The expanded perlite may also be modified by a method, such as that described in U.S. Pat. No. 3,769,065 entitled “Method of Coating Perlite and Producing Materials of Construction”. The first step is to apply an aqueous acid solution to the expanded perlite particles. The aqueous acid solution may be or include, but is not limited to acetic acid, hydrochloric acid, phosphoric acid, nitric acid, sulfuric acid, boric acid, formic acid, propionic acid, butanoic acid, malic acid, citric acid, and combinations thereof. Then, a sodium silicate may be applied to the moistened particles followed by another application of an aqueous acid solution. The particles may be dried for subsequent use in a downhole fluid. This type of coating applied to the expanded perlite may enhance the structural characteristics of the expanded perlite within the downhole fluid and is one non-limiting example of a ‘coated expanded perlite’.

Aerogels have an extremely low density because of their synthetic porous material derived from a gel where the liquid component of the gel has been extracted through supercritical drying. This allows the liquid to be slowly drawn off without causing the solid matrix in the gel to collapse from capillary action, as would happen with conventional evaporation. The first aerogels were produced from silica gels. Silica aerogels have a density ranging from about less than 1 kg/m3 (e.g. a silica aerogel nanofoam) to about 4 kg/m3 and are known as the lowest density types of solids. Aerogels were later produced from gels using alumina, chromia, iron oxide, and tin dioxide.

Despite their name, aerogels are rigid, dry materials and do not resemble a gel in their physical properties. The name simply notes the origin of the aerogel material as being derived from a gel. Its impressive load bearing abilities are due to the dendritic microstructure, in which spherical particles having an average size of about 2-5 nm are fused together into clusters. These clusters form a three-dimensional highly porous structure of almost fractal chains, with pores just under 100 nm. The average size and density of the pores can be controlled during the manufacturing process. Thus, aerogels may maintain a lower density downhole fluid than downhole fluids absent the aerogels, as well as maintaining the low density characteristic of the downhole fluid under extreme conditions within a wellbore.

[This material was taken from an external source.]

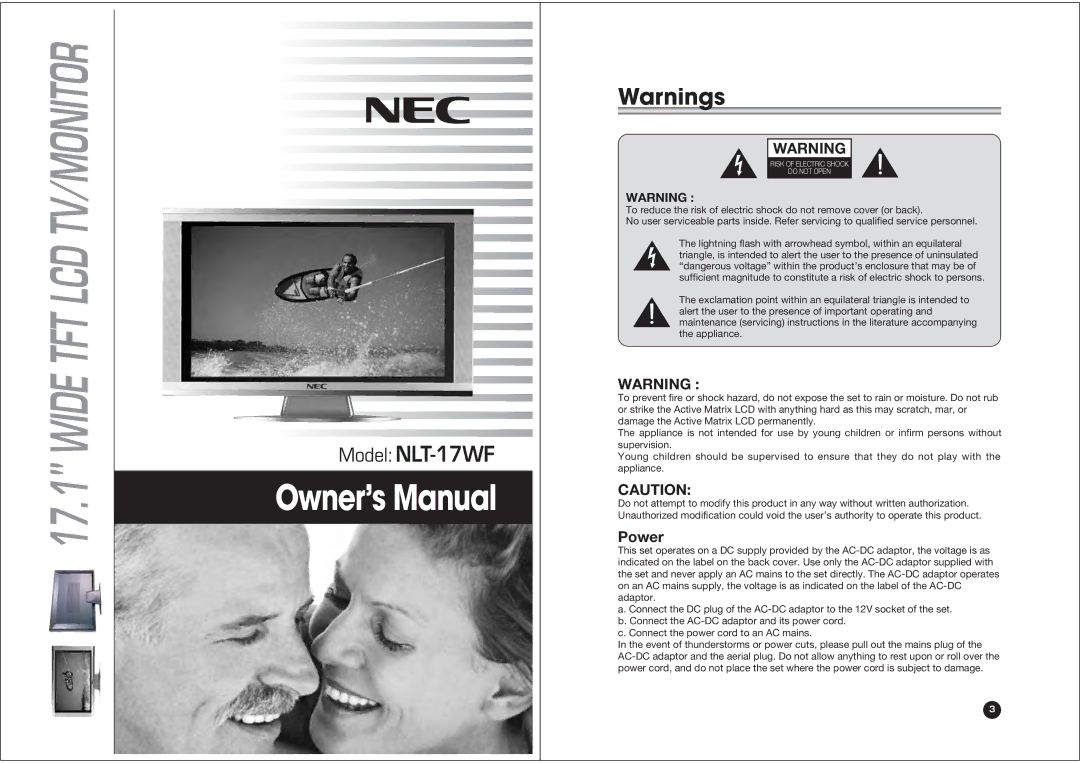 NEC NLT-17WF owner manual Wide TFT LCD TV/MONITOR, Power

There is a risk of attrition when a solid material is added to a downhole fluid, e.g. a drilling fluid in one non-limiting example. The perlite spheres or modified perlite spheres may be susceptible to the effects of mechanical crushing and abrasion by the drill string over several circulations. The spheres may break up into a number of smaller particles, and thereby decrease their benefit to the drilling fluid. This phenomenon may be counteracted by removing at least a portion of the perlite spheres and fragmented parts once they have been circulated down the drill string, through the bit and up the annulus. Upon their return to the surface, the solids control equipment on the rig may remove the perlite spheres and fragmented particles along with drilled solids for subsequent addition of new perlite material to the surface-active pit and pumped down hole. This may allow for a steady concentration of whole perlite spheres to be present in the circulating system, while still maintaining a low density for the downhole fluid.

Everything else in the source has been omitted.